Yiming Wang , Frederick W. B. Li , Jingyun Wang

Authors on Pith no claims yet

Pith reviewed 2026-05-10 06:37 UTC · model grok-4.3

classification 💻 cs.CV

keywords zero-shot action recognitionCLIP adaptationmotion separationnegative promptssemantic alignmentvideo understandingdisentangled features

0 comments

The pith

Separating motion features from static content and aligning videos with negative text prompts lets CLIP recognize actions never seen in training.

A machine-rendered reading of the paper's core claim, the machinery that carries it, and where it could break.

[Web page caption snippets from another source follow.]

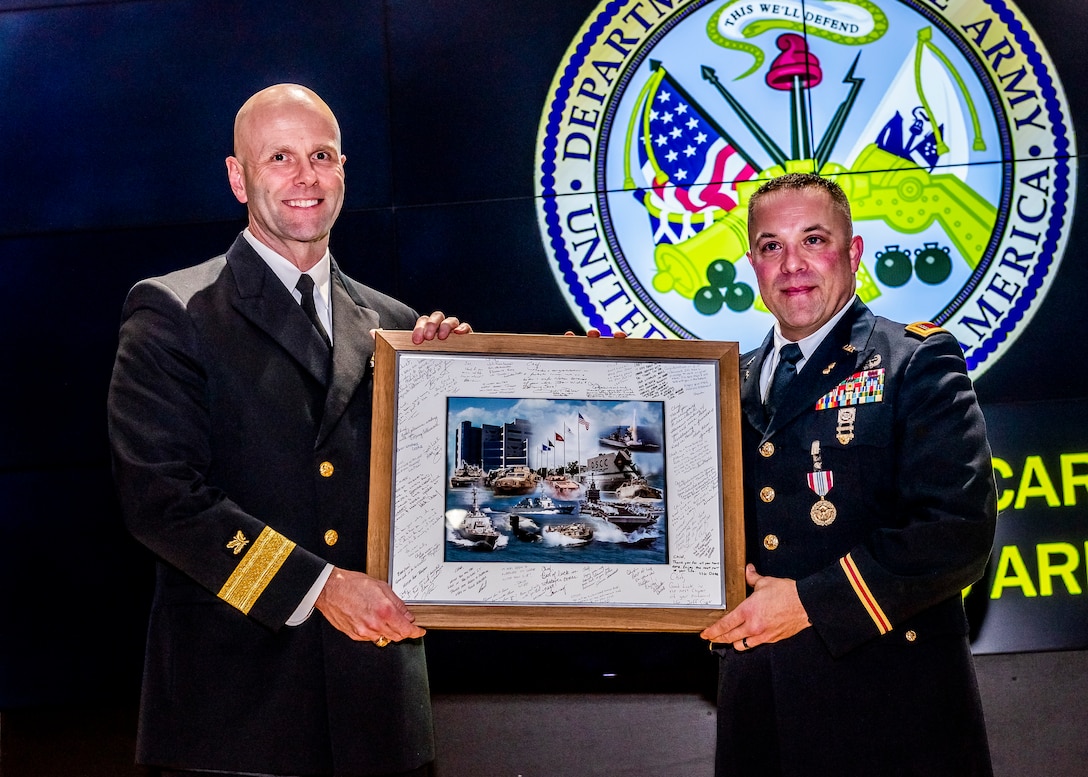 Two military officers stand on stage holding a frame with signatures around the edge and picture of the installation in the middle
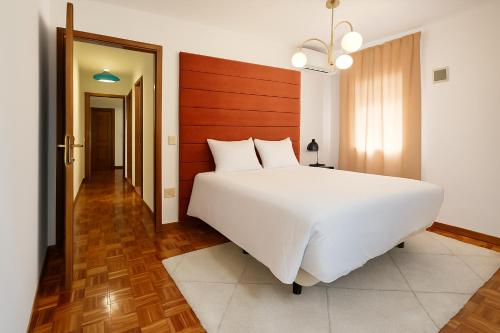a bedroom with a large white bed with a wooden headboard at Peach House T2 Fireplace in Ferro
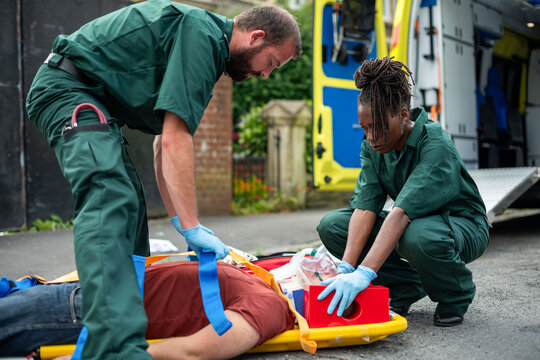 Emergency medical team assisting patient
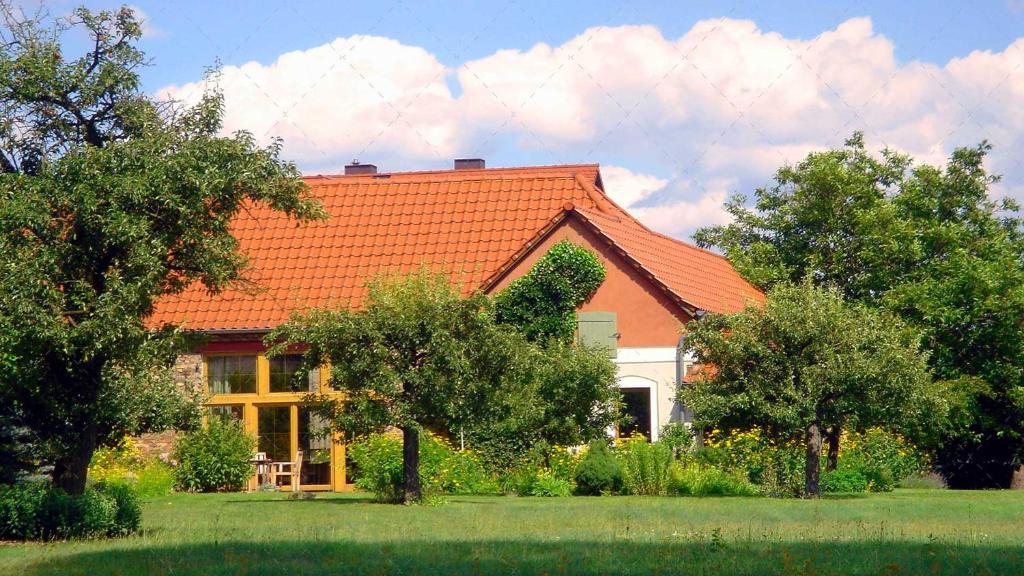 Neu LübbenauJANISCHs Fewo im Spreewald的一座拥有橙色屋顶和一些树木的房子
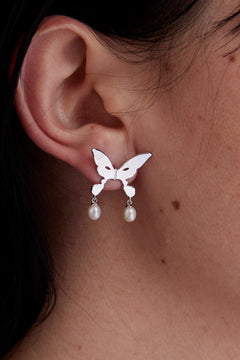 The PEARL DROP ALIEN KISS EARRING available online with global shipping, and in PAM Stores Melbourne and Sydney.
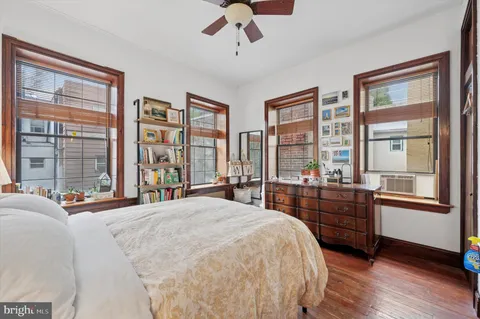 a bedroom with a large bed and a large window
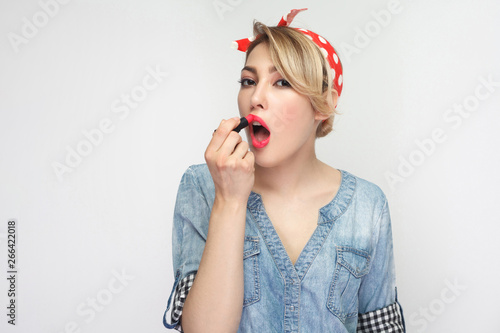 Wallpaper Mural Portrait of beautiful sexual beauty blogger young woman in casual blue denim shirt with makeup and red headband standing, applying red lipstick. Torontodigital.ca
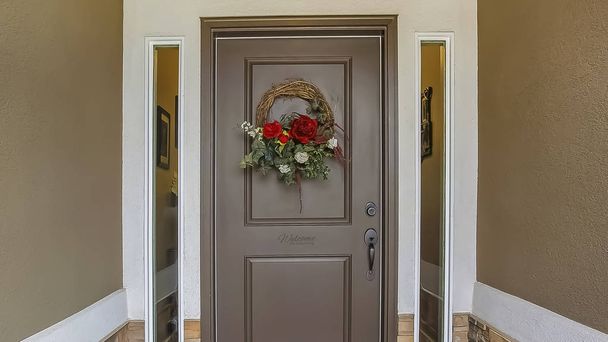Cornice panoramica Ghirlanda floreale appesa alla porta d'ingresso grigia di una casa con piaceri
 - Foto, immagini
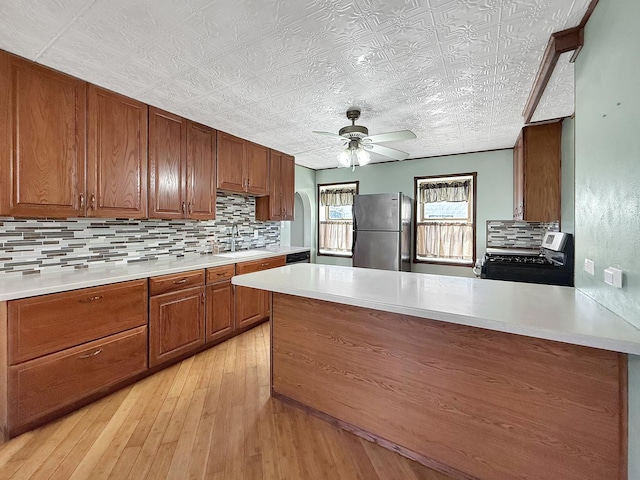 kitchen with backsplash, light countertops, an ornate ceiling, and stainless steel appliances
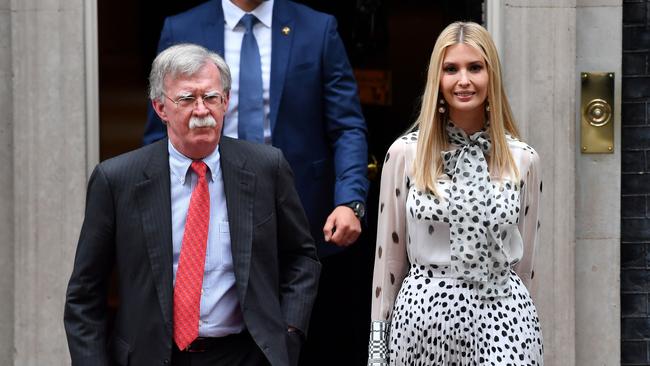 John Bolton (L) and Ivanka Trump leave from 10 Downing Street in London in 2019.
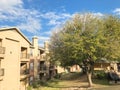 Typical apartment complex with steep grassy backyard in North Texas, America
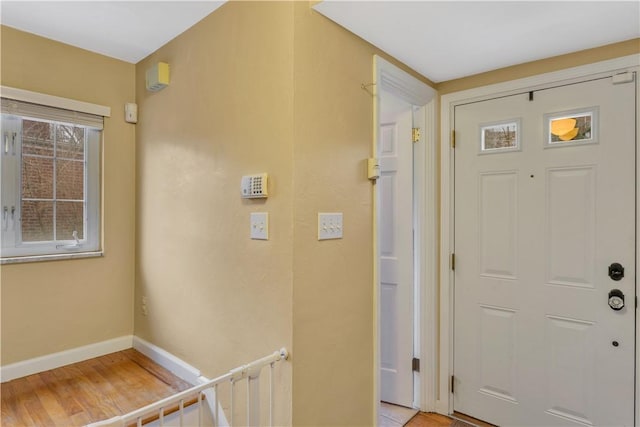 entryway with light hardwood / wood-style floors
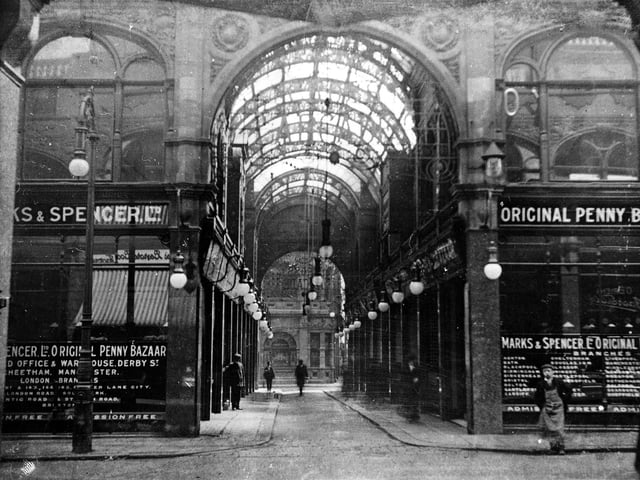 A view down Cross Arcade showing, elaborate roof and street lights, with Marks & Spencer on either side. This photograph shows the first shop occupied by the 'Original Penny Bazaar' out-side the market, where it operated from 1904.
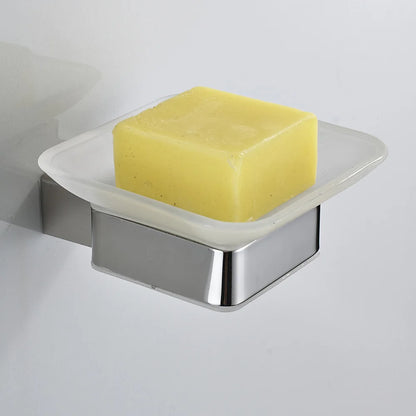 Wall-mounted chrome soap dish with frosted glass tray holding a yellow artisan bar soap, mounted on white wall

The paper sets out to prove that CLIP can be made more effective for zero-shot video action recognition by first disentangling motion-sensitive features from global static ones, then refining the motion signal through gated attention, and finally aligning the resulting video embeddings to both positive class prompts and negative non-class prompts. A reader would care if true because this would let recognition systems identify new actions in videos without collecting labeled examples for every possible category, addressing the core limitation that prevents current models from working on evolving or rare activities. The approach relies on two new modules to keep motion information clean and uses negative prompts to explicitly teach the model what the video is not, which the authors show produces stronger results than earlier CLIP adaptations on both coarse and fine-grained benchmarks.

Core claim

We present a novel framework that enhances CLIP with disentangled embeddings and semantic-guided interaction. A Motion Separation Module (MSM) separates motion-sensitive and global-static features, while a Motion Aggregation Block (MAB) employs gated cross-attention to refine motion representation without re-coupling redundant information. To facilitate generalization to unseen categories, we enforce semantic alignment between video features and textual representations by aligning projected embeddings with positive textual prompts, while leveraging negative prompts to explicitly model non-class semantics.

What carries the argument

The Motion Separation Module (MSM) that isolates motion-sensitive features, the Motion Aggregation Block (MAB) that performs gated cross-attention on motion, and the dual use of positive and negative textual prompts to enforce semantic alignment.

If this is right

The framework produces consistent gains over prior CLIP-based zero-shot methods on standard coarse and fine-grained action benchmarks.
Negative prompts allow the model to represent what an action is not, supporting better transfer to classes absent from training.
Gated cross-attention in the aggregation block keeps motion features clean without reintroducing static redundancy.
The same alignment strategy works across both broad category sets and detailed action distinctions.

Where Pith is reading between the lines

These are editorial extensions of the paper, not claims the author makes directly.

The motion-disentanglement idea could transfer to other video-text tasks such as dense captioning or temporal localization.
Negative prompts might reduce overconfident predictions on ambiguous or out-of-distribution video clips.
Independent ablations of the separation and aggregation steps would clarify which part drives most of the reported improvement.
The approach points toward lightweight adaptation techniques that avoid full model retraining when new action classes appear.

Load-bearing premise

That isolating motion features and aligning them with negative prompts will reliably shrink the semantic gap to unseen actions without creating new errors on real video distributions.

What would settle it

Running the method on a fresh fine-grained action dataset where it fails to beat the strongest prior CLIP zero-shot baseline would falsify the central claim.

read the original abstract

Zero-shot action recognition is challenging due to the semantic gap between seen and unseen classes. We present a novel framework that enhances CLIP with disentangled embeddings and semantic-guided interaction. A Motion Separation Module (MSM) separates motion-sensitive and global-static features, while a Motion Aggregation Block (MAB) employs gated cross-attention to refine motion representation without re-coupling redundant information. To facilitate generalization to unseen categories, we enforce semantic alignment between video features and textual representations by aligning projected embeddings with positive textual prompts, while leveraging negative prompts to explicitly model "non-class" semantics. Experiments on standard benchmarks demonstrate that our method consistently outperforms prior CLIP-based approaches, achieving robust zero-shot action recognition across both coarse and fine-grained datasets.

Editorial analysis

A structured set of objections, weighed in public.

Desk editor's note, referee report, simulated authors' rebuttal, and a circularity audit. Tearing a paper down is the easy half of reading it; the pith above is the substance, this is the friction.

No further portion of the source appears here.